Abgrenzung zum Forschungsdatenzentrum Gesundheit, der elektronischen Patientenakte (ePA) und dem Europäischen Gesundheitsdatenraum
Das FDPG der Medizininformatik-Initiative (MII) ist institutionell und funktionell zu unterscheiden von dem beim Bundesinstitut für Arzneimittel und Medizinprodukte (BfArM) angesiedelten Forschungsdatenzentrum Gesundheit (FDZ), welches – einwilligungsfrei – Abrechnungsdaten der Gesetzlichen Krankenversicherung in anonymisierter Form für Forschungsanträge verfügbar macht (Verfahren gemäß § 303a-f SGB V) und das künftig auch – einwilligungsbasiert – Daten aus der Elektronischen Patientenakte (ePA) für Forschungsanfragen gebündelt zur Verfügung stellen soll (Verfahren gemäß § 363 SGB V Abs. 1–7). Entsprechend haben auch politische Ankündigungen, für die ePA sogenannte „opt-out-Verfahren“ zur Wahrnehmung der Patientenautonomie gesetzlich zu verankern, keine Relevanz für das FDPG und die Datennutzung in der MII, ebenso wenig wie in der Diskussion befindliche politische Vorstellungen zu einwilligungsfreier Datennutzung in einem künftigen Europäischen Gesundheitsdatenraum (EHDS). Die Datennutzung in der MII einschließlich des FPDG erfolgt auf Grundlage aktueller europäischer und nationaler Gesetze und ist einwilligungsbasiert.
Hintergrund
Ziel der Medizininformatik-Initiative (MII) ist es, Routinedaten aus der Patientenversorgung bundesweit digital zu vernetzen und für die medizinische Forschung verfügbar zu machen, um Krankheiten zukünftig schneller und effektiver behandeln zu können. Daran arbeiten alle Einrichtungen der Universitätsmedizin Deutschlands gemeinsam mit weiteren Forschungseinrichtungen, Unternehmen, Krankenkassen und Patientenvertretungen in den vier Konsortien DIFUTURE, HiGHmed, MIRACUM und SMITH. Datenschutz und Datensicherheit haben hierbei höchste Priorität.

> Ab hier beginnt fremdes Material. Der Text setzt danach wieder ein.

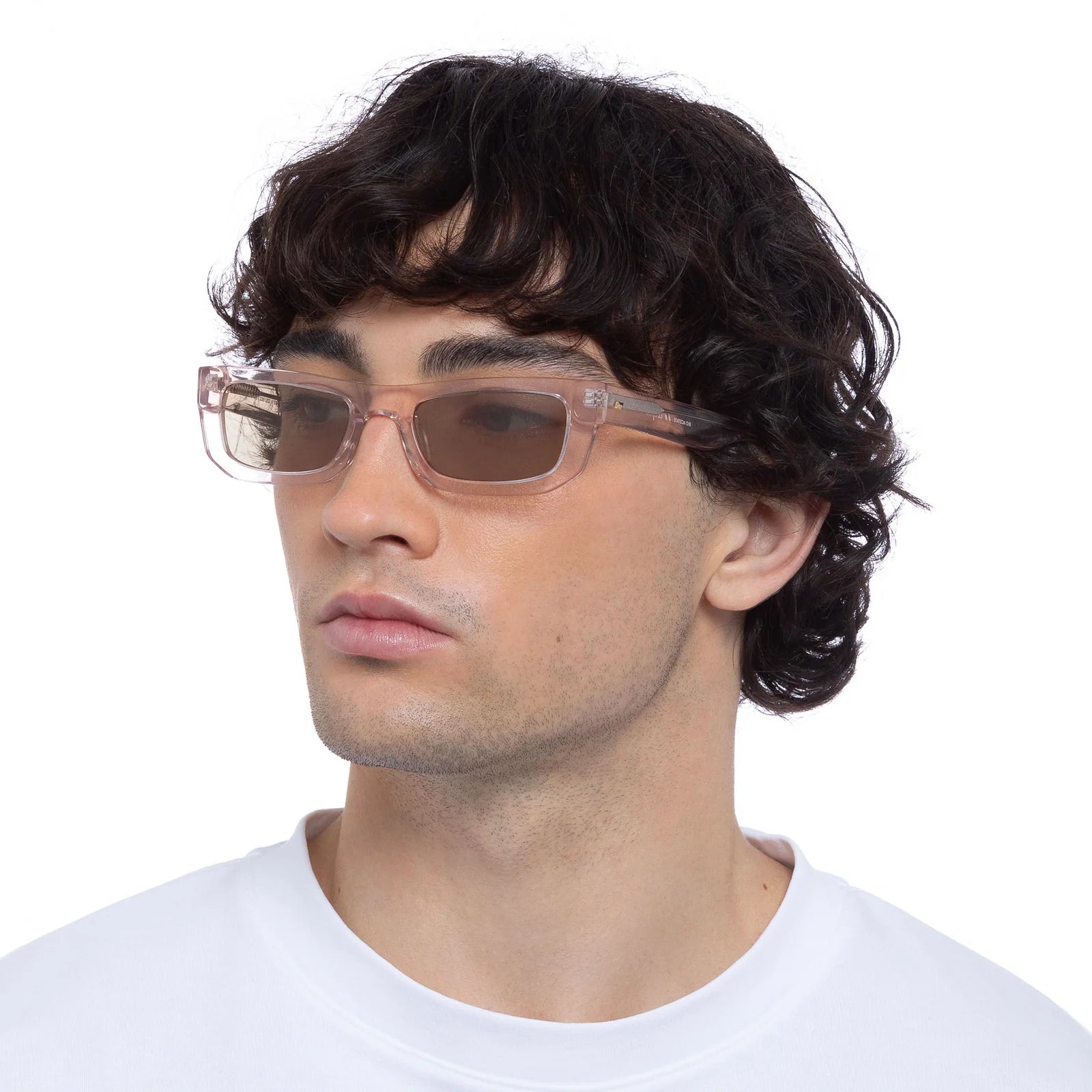 Le Specs Sunglasses - Bio-Bot - Champagne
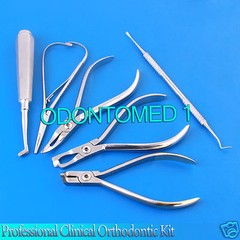 Professional Clinical Orthodontic Instruments Kit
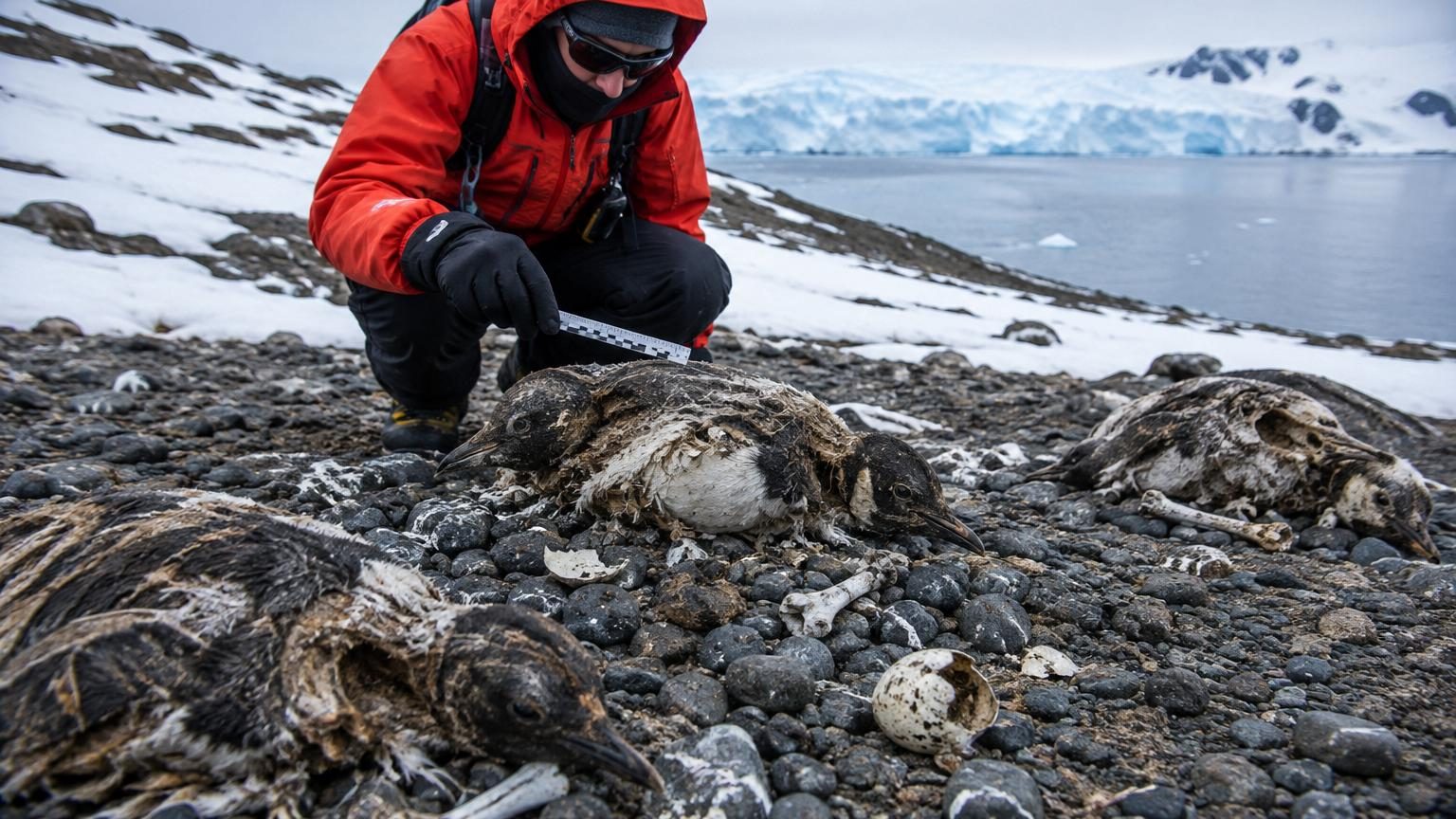 La fonte des glaces révèle un « cimetière » de manchots momifiés en Antarctique : la colonie y nichait il y a 5 000 ans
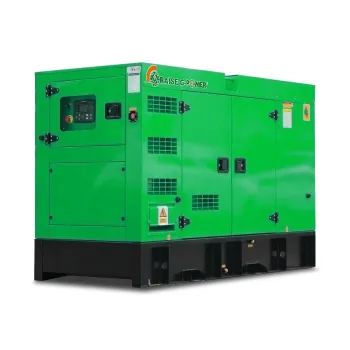 RAISE G POWER 100KW 125KVA Cummins Series Residential & Commercial Diesel Generator for Sale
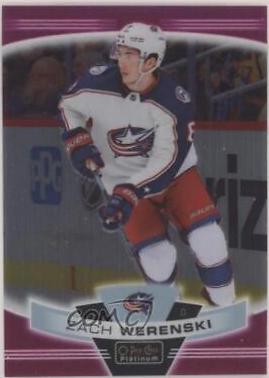 Zach Werenski [Matte Pink] #7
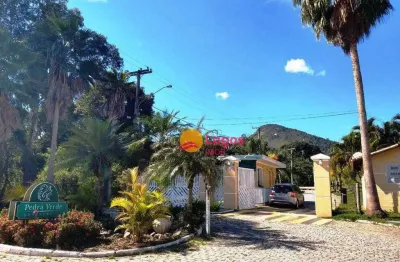 Terreno à venda, 2182 m² por r$ 405.000,00 - ubatiba - maricá/rj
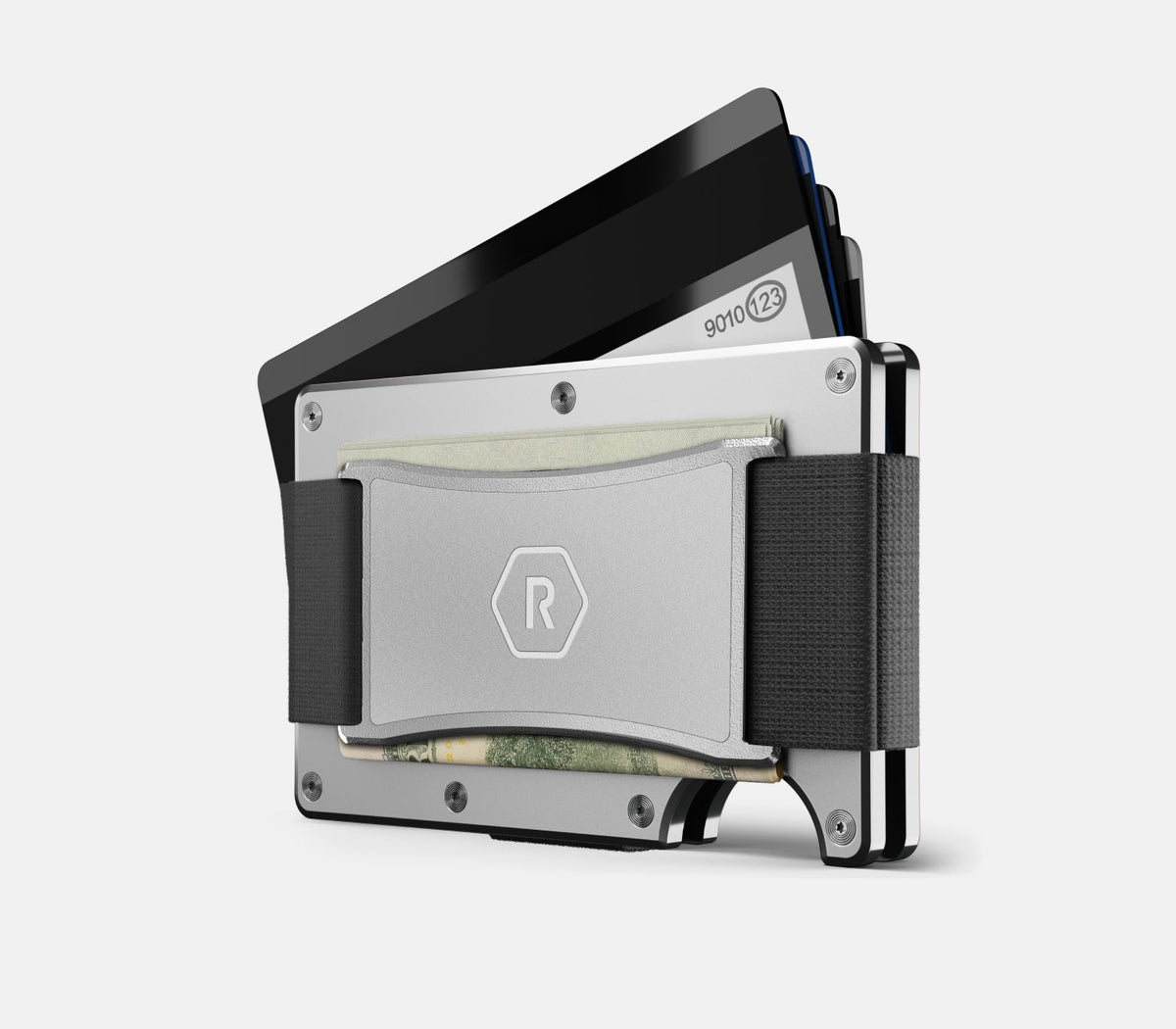 Ridge Wallet - Platinum - Image 3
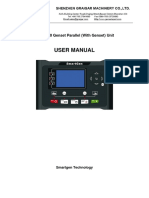 User Manual: HGM9510 Genset Parallel (With Genset) Unit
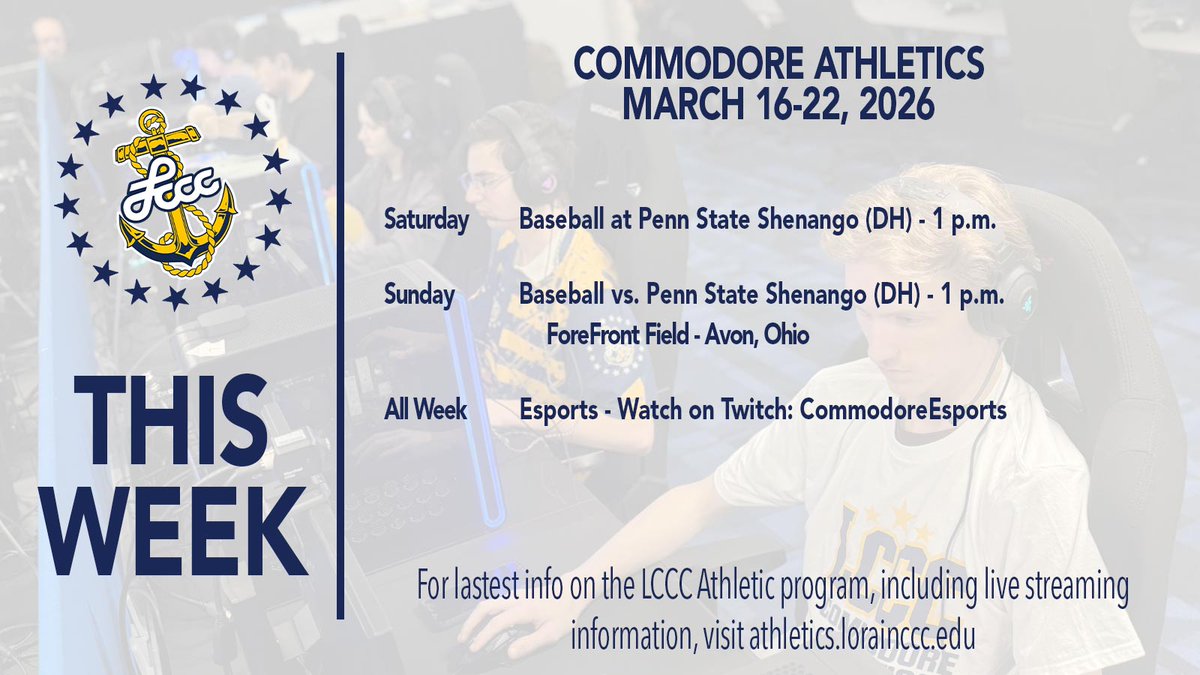 LCCC Athletics tweet media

Im Fokus der Ausbau- und Erweiterungsphase (2023-2026) steht eine erweiterte Zusammenarbeit zwischen den Universitätskliniken und deren Kooperation mit neuen Partnern in Versorgung und Forschung, insbesondere um die standortübergreifende Datennutzung in Bezug auf die Datenarten und Datenquellen zu erweitern.
Das Bundesministerium für Bildung und Forschung (BMBF) fördert die MII bis einschließlich 2026 mit insgesamt über 400 Millionen Euro.
Für die nationale Abstimmung der MII ist eine Koordinationsstelle zuständig, die die Technologie- und Methodenplattform für die vernetzte medizinische Forschung e.V. (TMF) mit dem Medizinischen Fakultätentag (MFT) und dem Verband der Universitätsklinika Deutschlands e.V. (VUD) in Berlin betreibt.